**WORK REQUEST:** Print the data exactly as written, but leave out each picture.

**INFORMATION SUPPLIED:**

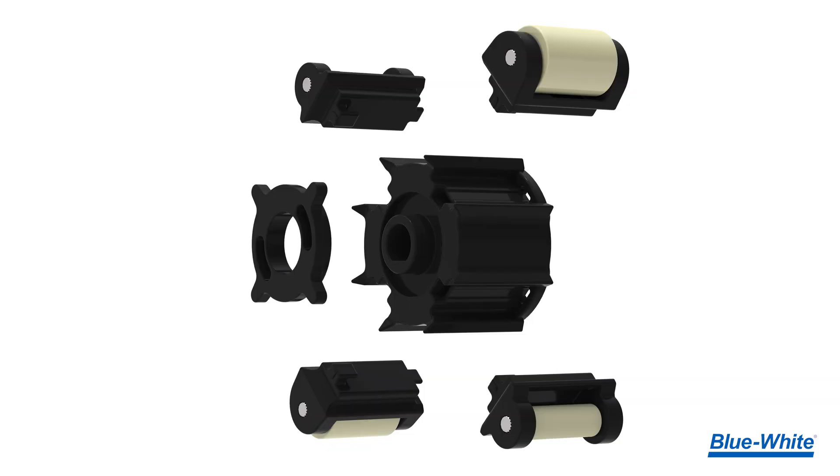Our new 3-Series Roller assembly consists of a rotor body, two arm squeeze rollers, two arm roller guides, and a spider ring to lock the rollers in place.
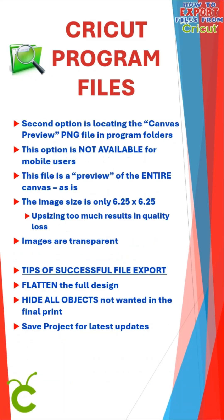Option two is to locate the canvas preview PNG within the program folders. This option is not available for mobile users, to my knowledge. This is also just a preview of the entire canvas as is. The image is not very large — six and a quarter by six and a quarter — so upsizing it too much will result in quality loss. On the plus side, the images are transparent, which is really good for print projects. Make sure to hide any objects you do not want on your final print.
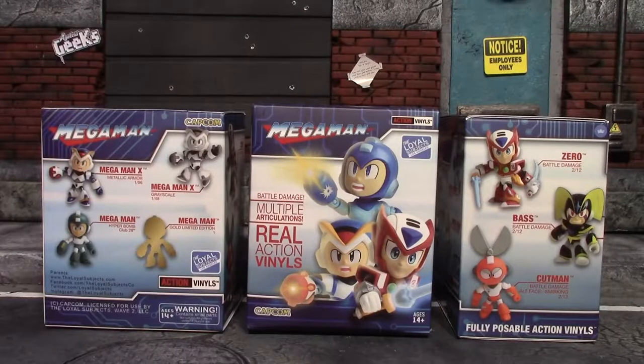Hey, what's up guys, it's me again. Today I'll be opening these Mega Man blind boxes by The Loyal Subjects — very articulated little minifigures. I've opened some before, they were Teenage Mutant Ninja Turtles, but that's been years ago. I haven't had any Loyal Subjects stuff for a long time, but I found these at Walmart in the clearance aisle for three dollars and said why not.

**REPLY TO THE TASK:**
Our new 3-Series Roller assembly consists of a rotor body, two arm squeeze rollers, two arm roller guides, and a spider ring to lock the rollers in place.
Option two is to locate the canvas preview PNG within the program folders. This option is not available for mobile users, to my knowledge. This is also just a preview of the entire canvas as is. The image is not very large — six and a quarter by six and a quarter — so upsizing it too much will result in quality loss. On the plus side, the images are transparent, which is really good for print projects. Make sure to hide any objects you do not want on your final print.
Hey, what's up guys, it's me again. Today I'll be opening these Mega Man blind boxes by The Loyal Subjects — very articulated little minifigures. I've opened some before, they were Teenage Mutant Ninja Turtles, but that's been years ago. I haven't had any Loyal Subjects stuff for a long time, but I found these at Walmart in the clearance aisle for three dollars and said why not.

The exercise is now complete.